### ASSIGNED TASK
Retype, word for word, every line of the records below starting at the one that contains "Elderly woman falls" and ending at the one that contains "Kamera internetowa Logitech"; include both of those lines and nothing more.

[THE INPUT — start]

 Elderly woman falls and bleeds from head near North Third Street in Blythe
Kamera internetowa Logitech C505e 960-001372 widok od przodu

[THE INPUT — finish]
[THE INPUT — start]

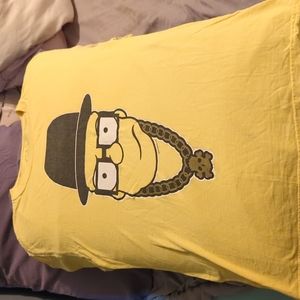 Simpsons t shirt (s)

[THE INPUT — finish]
[THE INPUT — start]

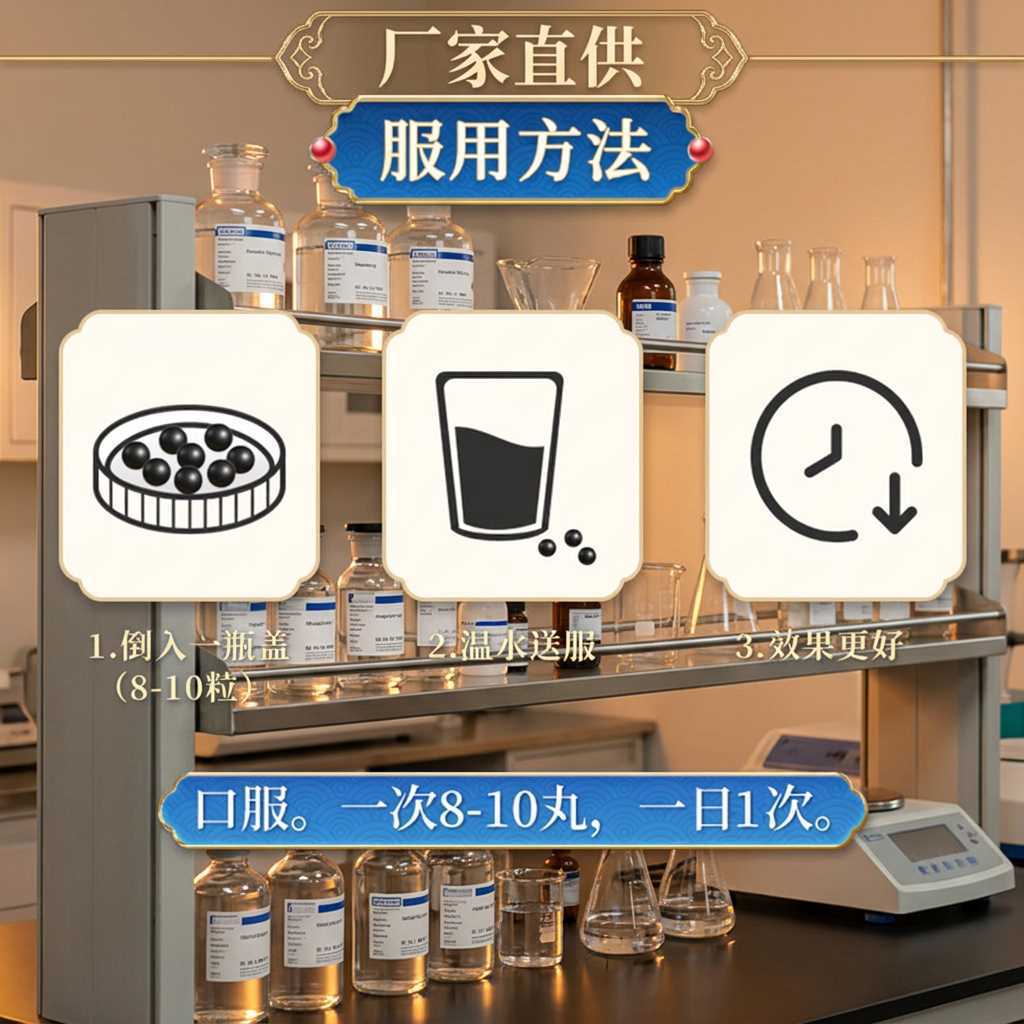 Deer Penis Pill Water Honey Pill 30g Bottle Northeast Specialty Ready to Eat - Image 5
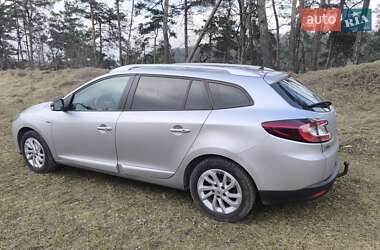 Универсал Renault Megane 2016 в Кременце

[THE INPUT — finish]

### ANSWER BOX
 Elderly woman falls and bleeds from head near North Third Street in Blythe
Kamera internetowa Logitech C505e 960-001372 widok od przodu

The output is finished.